William was raided for running a Tor exit node. Please help if you can.

Miles Fidelman mfidelman at meetinghouse.net
Thu Nov 29 23:23:13 UTC 2012


Michael Froomkin - U.Miami School of Law wrote:
>
>> 2. If I provide access to four or five friends, I am not an ISP and in
>> fact I am responsible if they use my connection to do something illegal
>> since I am the customer of record.  If you loan your car to an
>> unlicensed driver and he kills someone, you are on the hook.
>>
>
> The key word above is "unlicensed".  And the other key word -- not 
> present -- is "knowingly".  But the analogy breaks down because you 
> don't need a license to use the Internet.  Consequently, in most cases 
> you will not know, and cannot reasonably be expected to know, about 
> legal violations.   If you let your buddy use your home wireless while 
> he's staying with you for the weekend, and he commits, say, a fraud, 
> or blackmails someone, you are not legally responsible for any of it 
> unless you participated knowingly in some way.  Of course, that you 
> didn't know may be hard and expensive and unpleasant to try to prove, 
> but that's a different question.

Ummm... you might be liable under your service agreement with your ISP.  
Most of these have all kinds of restrictive clauses re. not letting 
others use your connection, copyright infringement, assumption of 
liability, yada, yada, yada.  We all violate these, all the time, but 
there are times when that might catch up with someone.
>
> The term "criminally negligent" really has no role here.

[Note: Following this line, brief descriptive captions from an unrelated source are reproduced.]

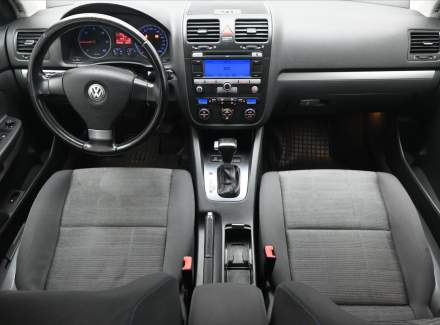Volkswagen - Golf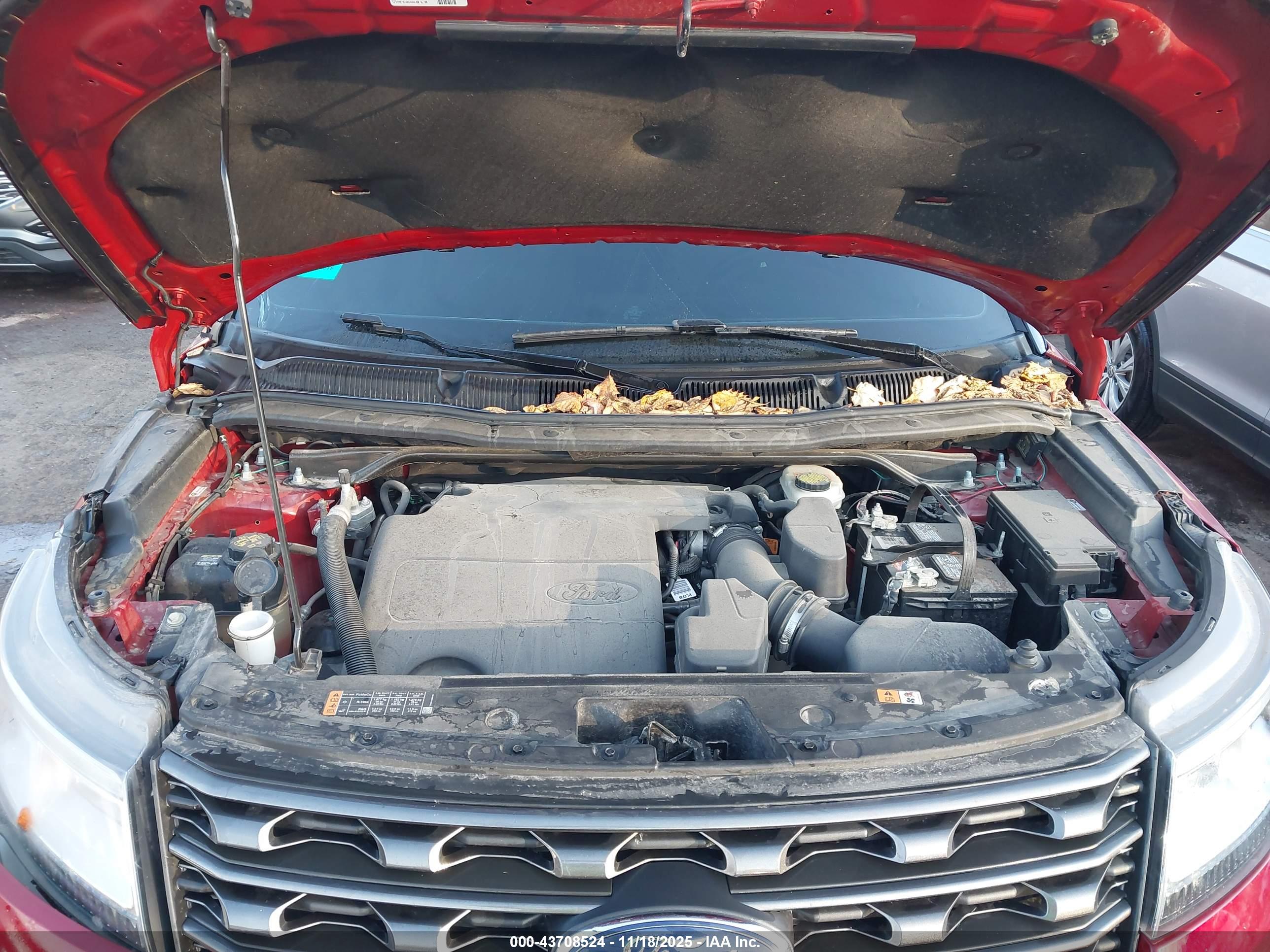 FORD EXPLORER image 10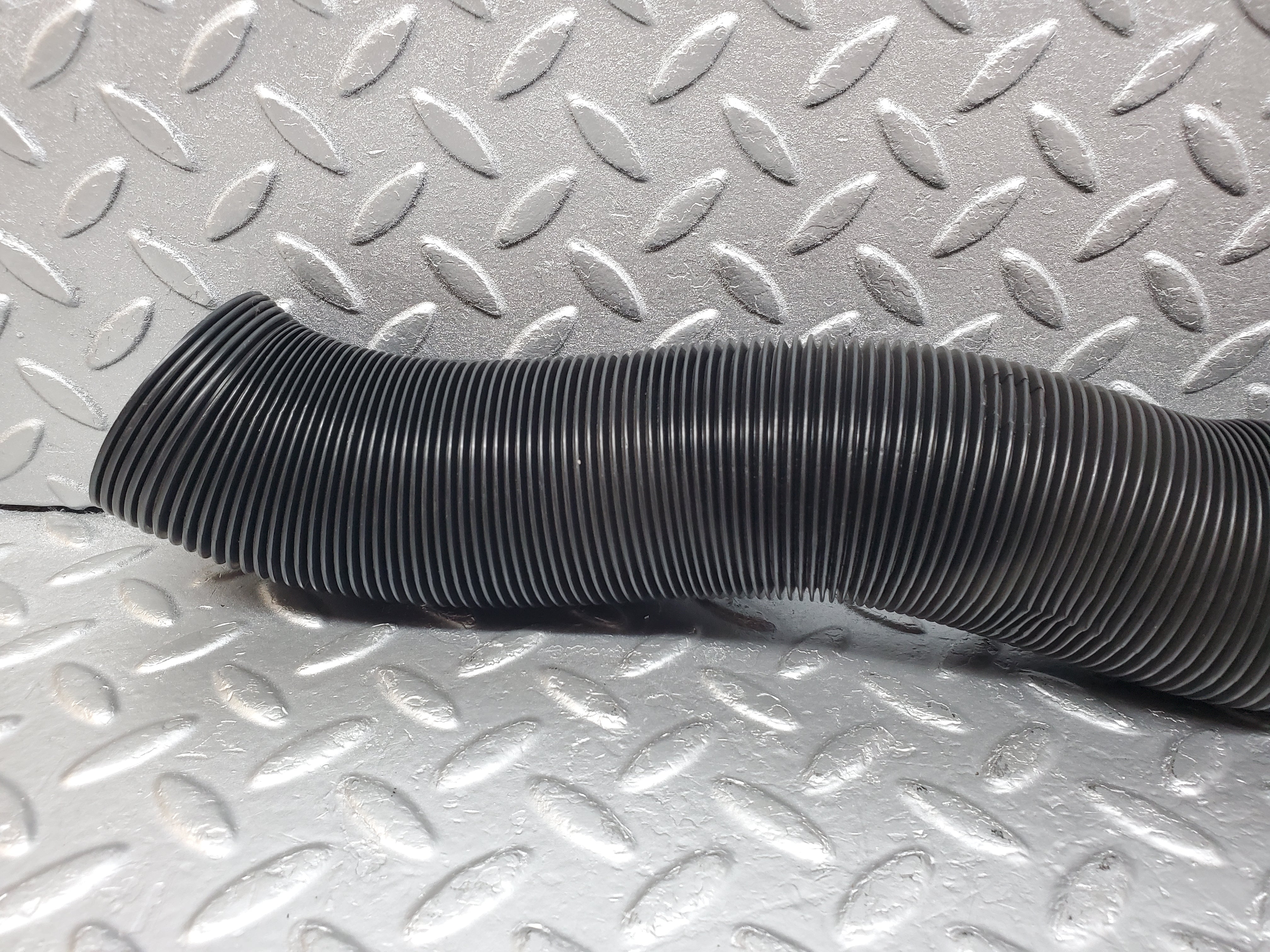 0965 Mercedes-Benz C123 230CE Air Duct Pipe Hose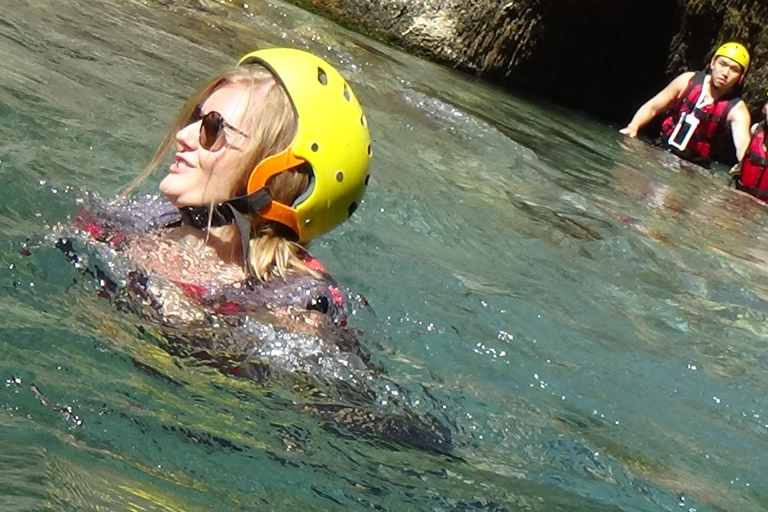 Tour de aventura en Antalya: barranquismo y raftingExcursión de Aventura en Antalya: Rafting y Barranquismo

Negligence is 
> in most cases a civil not a criminal offense.  There are specific 
> crimes. There is aiding and abetting.  There may be criminal 
> negligence in unrelated cases where you have a duty to secure 
> something or protect (or not harm) someone and fail to do so (e.g. you 
> leave your car in a position to roll downhill and it hurts someone, or 
> you are willfully blind to a danger to child for whom you should be 
> caring, or you act with such inattention so as to kill someone).  But 
> in the USA ***you have no legal duty to secure your wireless***.  
> None.  You can leave it open, just as you can leave your window open 
> and let people enjoy what you are playing on your stereo (modulo 
> public nuisance law, and copyright rules against some types of 
> unlicensed public performance).  Thus there can be no negligence in 
> leaving it open, at least absent specific knowledge that a person 
> intends to do a specific thing.
>

You may have a civil liability to secure your wireless under the 
terms-of-service agreement with your Internet provider.  Well, maybe not 
to "secure your wireless" but to prevent unauthorized use of your 
connection to the service provider - which could be accomplished in 
other ways.

Miles Fidelman



-- 
In theory, there is no difference between theory and practice.